Still, I’d feel more comfortable if the reasons for these restrictions (e.g. “path does not start with a dot” and “need a non-dot char between .LL.po”) were documented as comments in the code, so that whoever works on it again in the future is in a better position to make sensible decisions. I’m mostly expecting ways to distinguish between “can’t hurt, better safe than sorry, but not strictly needed at the moment” and “truly critical right now”. See what I mean?

Finally, I would like to add a comment about what kind of path the regexp is used on but I need a confirmation here: fname = diff.b_path, that we call the regexp on, is the full path of a modified file, right?

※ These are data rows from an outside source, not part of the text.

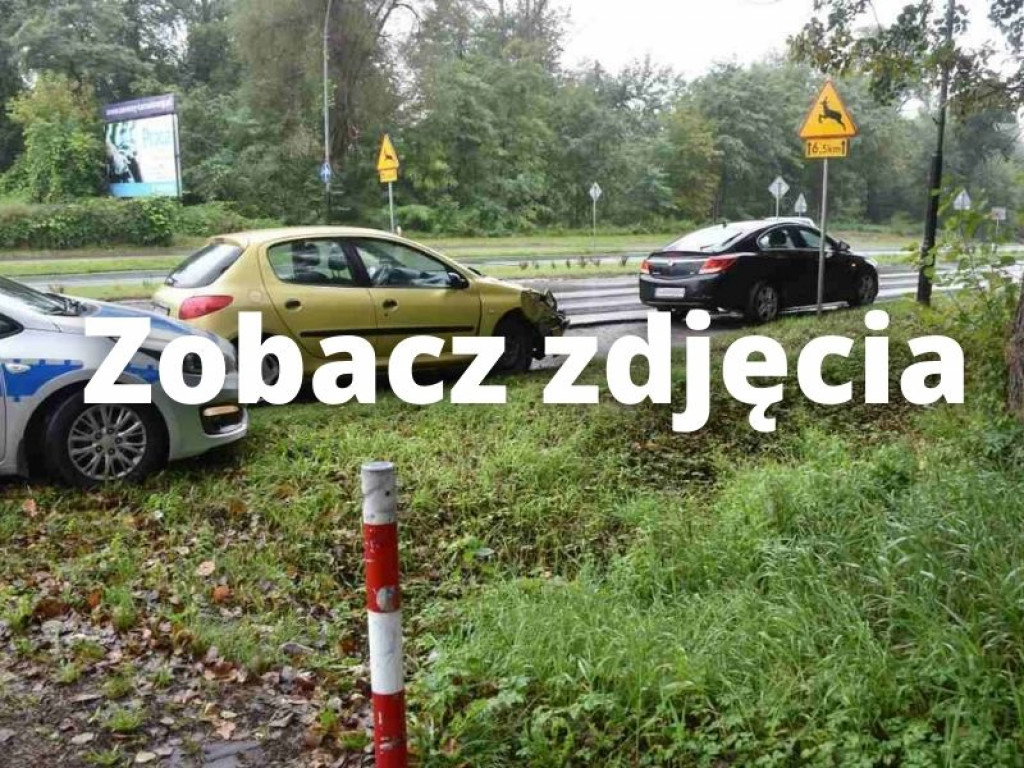 Zderzenie dwóch osobówek na tarnobrzeskiej Wisłostradzie [zdjęcia]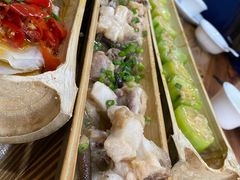 -胡须哥网红竹筒菜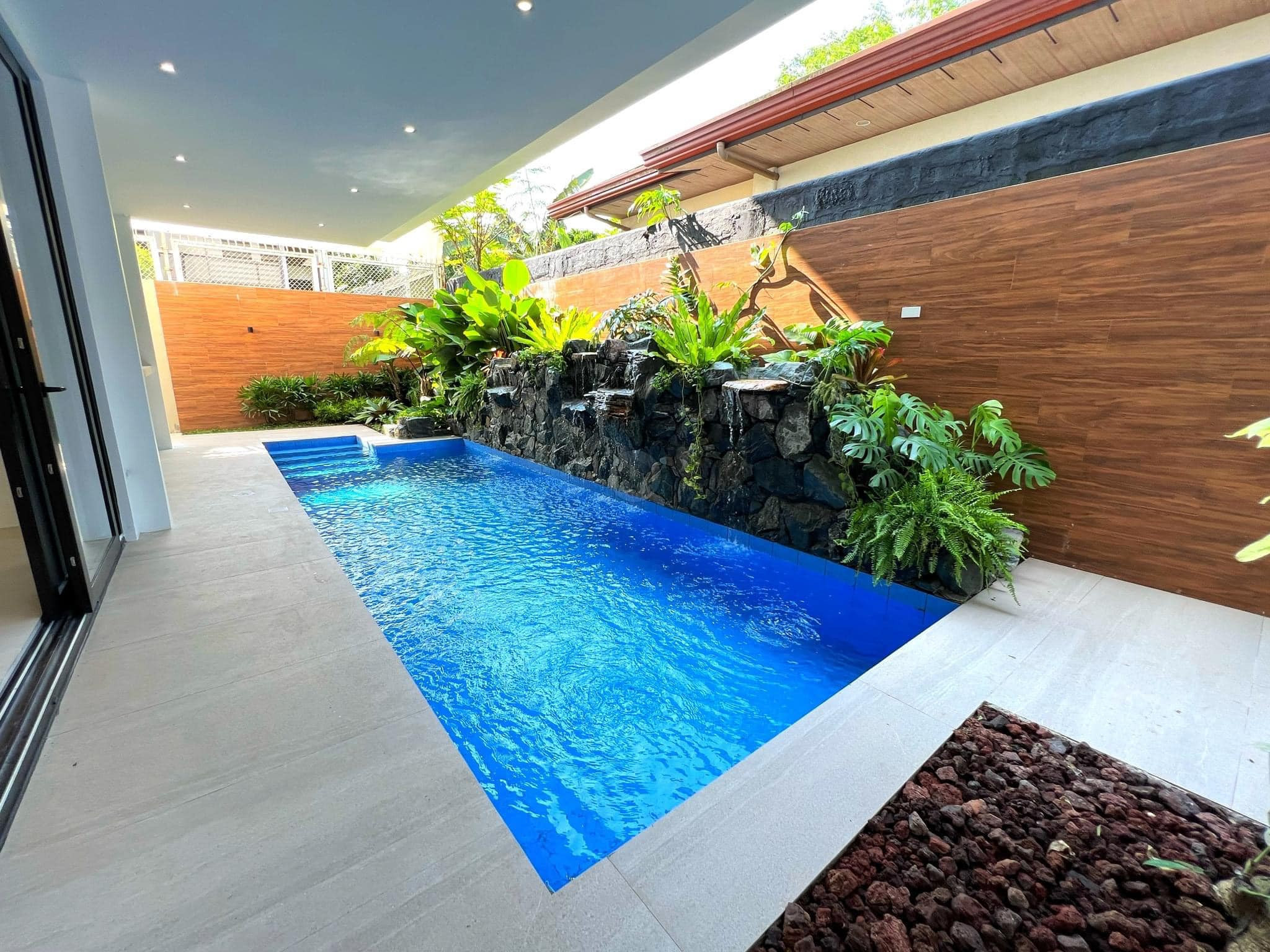 A Luxurious Brand New House and Lot for Sale in Capitol Golf Hills Subd photo 2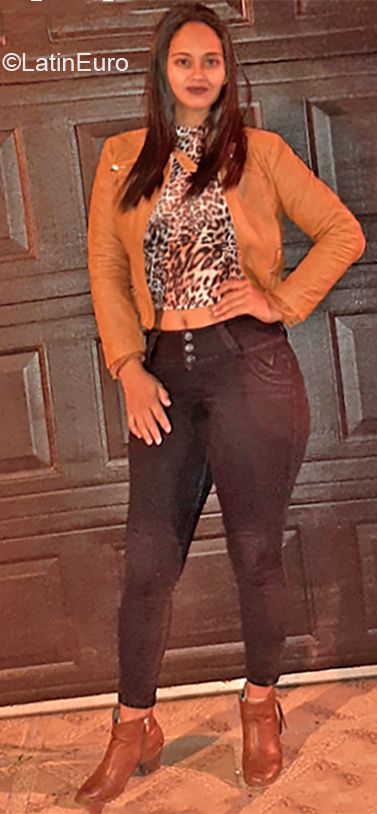 Date this athletic Costa Rica girl Amanda from Heredia CR374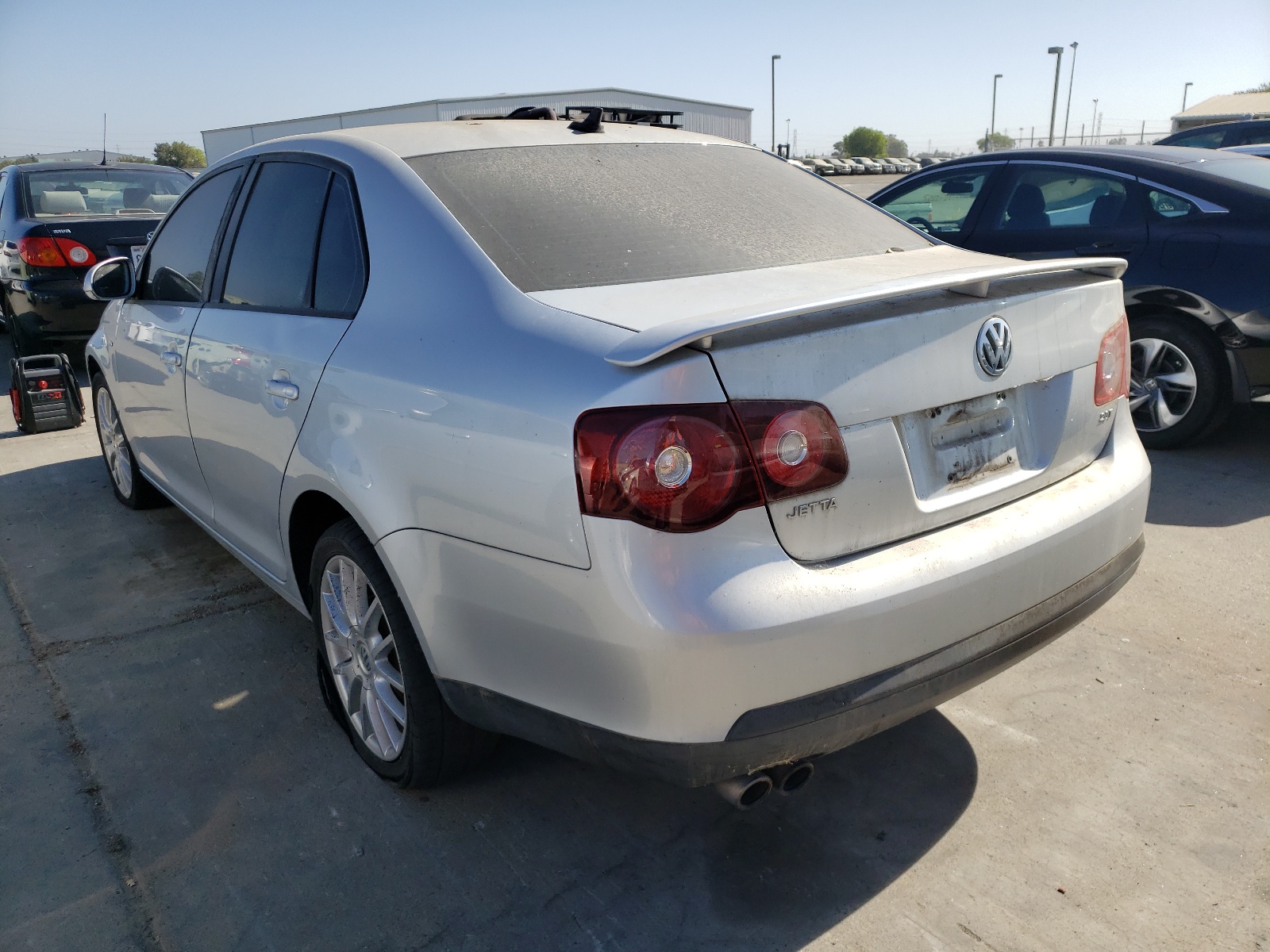 Photo 3 from auction – 2008 VOLKSWAGEN JETTA WOLF with VIN 3VWRA71K68M187747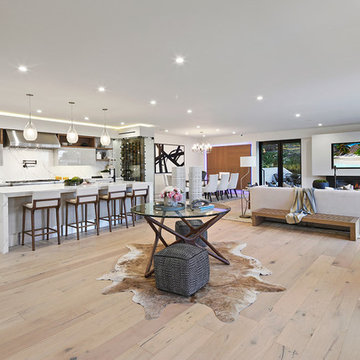 Luxurious Brentwood Home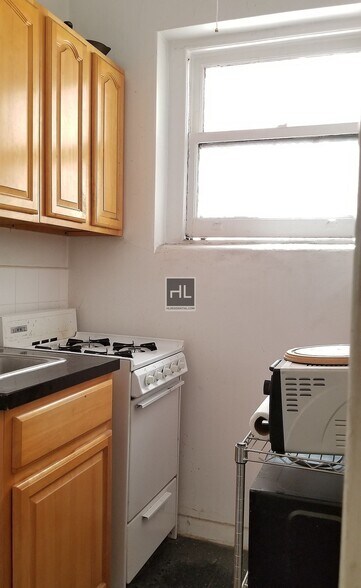 Building Photo - East 58TH ST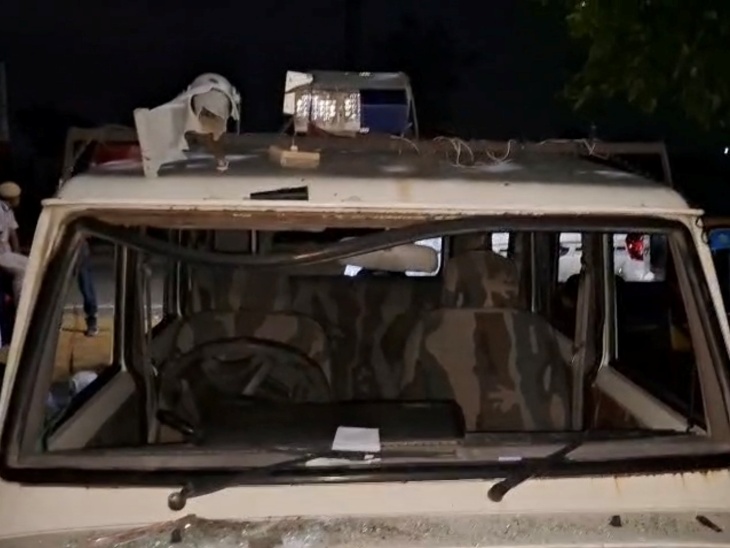 पुलिस की गाड़ी को क्षतिग्रस्त कर दिया।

That is, in normal cases it will start with wiki/src/, correct? (If all this is correct, then I was wrong earlier: thanks to this there’s actually no “page names to be at least 3 chars long (ABC.LL.po)” restriction currently. I got confused initially, which is why I’d like to document this, at least for the sake of some future version of /me :)

#10 Updated by intrigeri 2019-07-06 14:32:11

  • Priority changed from Normal to High
  • Target version changed from Tails_3.15 to Tails_3.16

(I doubt Bug #16855 will be done, and my above requests addressed, in time for me to complete this by July 9. Bumping priority so this is on top of my list whenever it’s time for me to resume this work.)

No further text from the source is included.